FACTS

luka

Well-known member
I wanted to, tbh, I was momentarily startled and confused working out what I would like to/be willing to read.

I think what would be best for both of us is something we have been putting off reading, out of a sense of trepidation. Something which feels like a substantial hill to climb, but needs climbing.
 

Corpsey

bandz ahoy
Well, leaving novels out of it cos I know you hate them...

The Divine Comedy
Shakespeare (in general - though I suppose you've done this)
Ulysses (only technically a novel)
Four Quartets
The Prelude (either edition, I suppose?)

Blake is definitely one I've been avoiding, too.
 

luka

Well-known member
I haven't done all Shakespeare. Not done, for instance, merchant of Venice. I haven't done othello basically.y cos I find it too upsetting I've realised. Four quartets I know fairly well and is too easy. Ulysses is too long. I want something we can steam through in a week or absolute max two weeks
 

DannyL

Wild Horses
Surely a respect for facts goes with political commitments? You don't strike me as having those sort of commitments Luka, thus your penchant for conspiracies (for instance). Not having a go, just a difference in perspectives. I like facts and history, I wish political discourse was better and more fact-based, and I enjoy reading history.

Seeing fact-free discourse in circulation with regard to Syria say, saddens my greatly, and only strengthens the hand of greatly reactionary forces. I can't say I've made some kind of self-sacrificing commitment in my interest here - I really haven't - but "what really happened" is important when it comes to war crimes, atrocities and so on. Thus my hostility to conspiracies - I've seen them employed so cynically and negatively so frequently. Different interests and temperaments I guess.
 

Corpsey

bandz ahoy
I've been reading extracts from Yeats's memoirs the last few days, I really want to read the whole thing but I don't know how easy it is to get hold of. Have you read them? I think you'd like them based on what I've read of them.


Shakespeare wise what I'd like to do is read Henry IV pt 1 (Again) and Henry IV pt 2 (for the first time).
 

DannyL

Wild Horses
Isn't to commit to facts and a position kinda courageous in a way? Kinda reminds me of what you were saying about Barty in the Migos thread.
 

luka

Well-known member
Go on Danny. Make the argument. I can see one way in which that would be the case but I also see a whole host of dangers.
 

Corpsey

bandz ahoy
I own it. I've read bits. A vain, silly man.
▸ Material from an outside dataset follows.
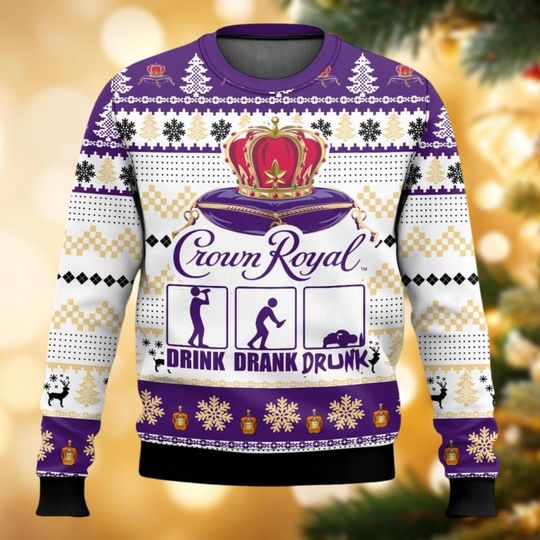 Crown Royal Ugly Christmas Sweater, Whisky Christmas Sweater, Crown Royal Drink Drank Drunk Sweater For Men Women Kid, Sweater Family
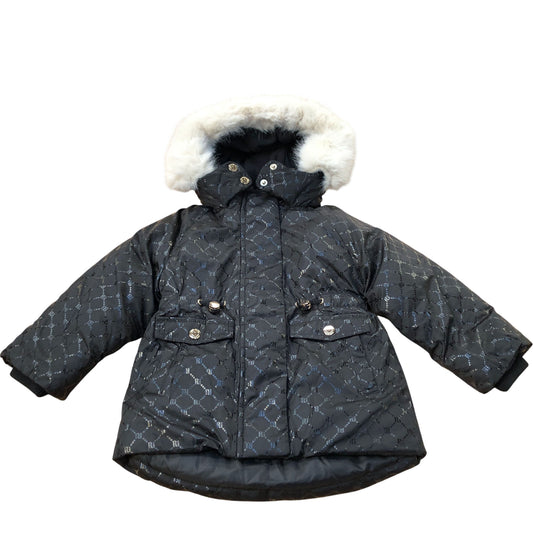 River Island Kids Coat 2-3 Years Unisex Black Faux Fur Hooded Padded Jacket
There's some great stuff from his dad in there - his dad said something like all contemplative men being in a conspiracy to establish the superiority of their way of life.
 

luka

Well-known member
There's some great stuff from his dad in there - his dad said something like all contemplative men being in a conspiracy to establish the superiority of their way of life.

Timothy Leary had that notion. He thought it was what Gravitys Rainbow is about. Ezra Pound is another one who believed in a counter conspiracy of the intelligent and independent.
 

DannyL

Wild Horses
Go on Danny. Make the argument. I can see one way in which that would be the case but I also see a whole host of dangers.

I think the argument is self evident no? "On this rock, I build my castle" - this is a truth I assert and commit to. Will make sacrifices for, will argue for and defend. A centre of meaning around which to build life? I find that more compelling than a kinda "nothing is true" relativism.
 

Corpsey

bandz ahoy
His dad railed against abstractions, rating Keats above Shelley on that basis (and hated Raphael for perfection that is really hypocrisy).

Yeats seems to have rebelled against him through mysticism and, latterly, a love of abstractions.
 

luka

Well-known member
I think the argument is self evident no? "On this rock, I build my castle" - this is a truth I assert and commit to. Will make sacrifices for, will argue for and defend. A centre of meaning around which to build life? I find that more compelling than a kinda "nothing is true" relativism.

Oh, ok, that's not what I thought you meant. I don't have a nothing is true relativism. I fall very firmly into the former camp. An essentially religious conviction.
 

DannyL

Wild Horses
Moral I was thinking - this is good, this is bad. Which ties in with politics to me, though most politics is far from moral.
 

IdleRich

IdleRich
But there is some sort of relationship... hard to pin down though?
That quote from before that was "obviously" Pynchon - I would have guessed Fielding or Thackeray or someone, seems exactly the kind of musings they riff on in their novels. Was Pynchon consciously aping their style?